Stored data:
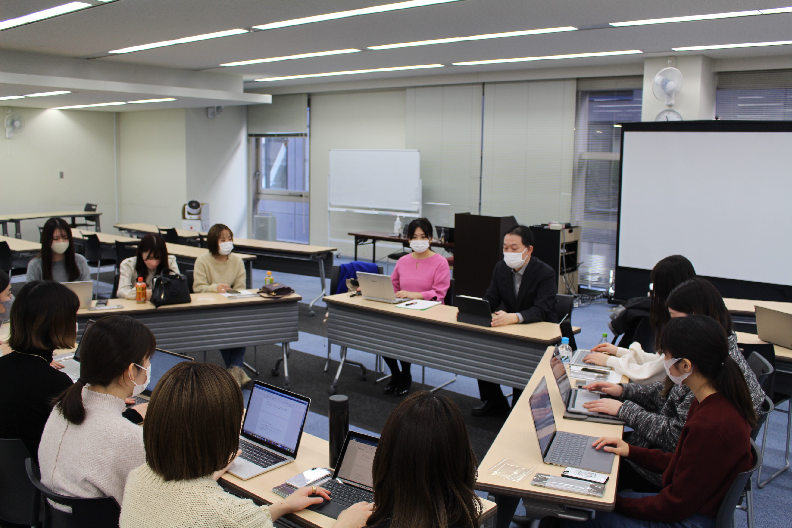 授業の一コマ（左より、NTTデータ経営研究所米倉様、三笠様より指導を受ける学生）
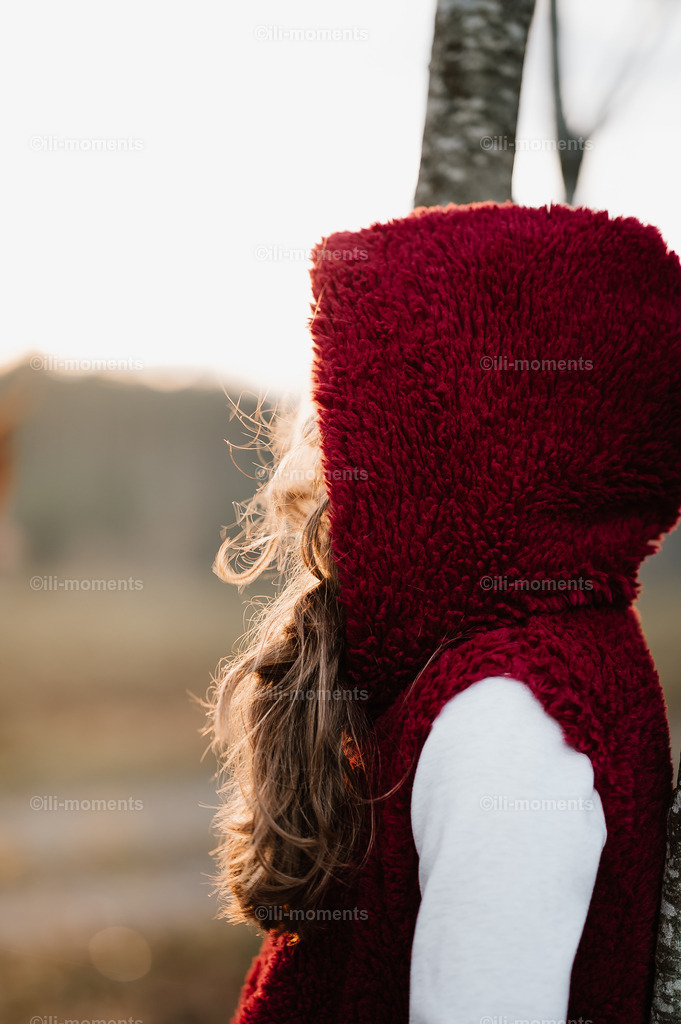 persönlicher Sonnenaufgang | Ein langhaariges Mädchen mit Kapuze steht im warmen Licht der aufgehenden Sonne, das Gesicht verborgen. Dieses Bild strahlt eine wohlige Energie und intime Ruhe aus – perfekt als Kunstdruck für besondere Raumstimmungen. - Realisiert mit Pictrs.com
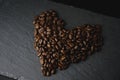 Coffee bean love shape on a slate. Royalty Free Stock Photo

Exercise objective: All of the lines above must be printed again exactly, and no picture may appear in the copy.

Completed task:
 授業の一コマ（左より、NTTデータ経営研究所米倉様、三笠様より指導を受ける学生）
 persönlicher Sonnenaufgang | Ein langhaariges Mädchen mit Kapuze steht im warmen Licht der aufgehenden Sonne, das Gesicht verborgen. Dieses Bild strahlt eine wohlige Energie und intime Ruhe aus – perfekt als Kunstdruck für besondere Raumstimmungen. - Realisiert mit Pictrs.com
 Coffee bean love shape on a slate. Royalty Free Stock Photo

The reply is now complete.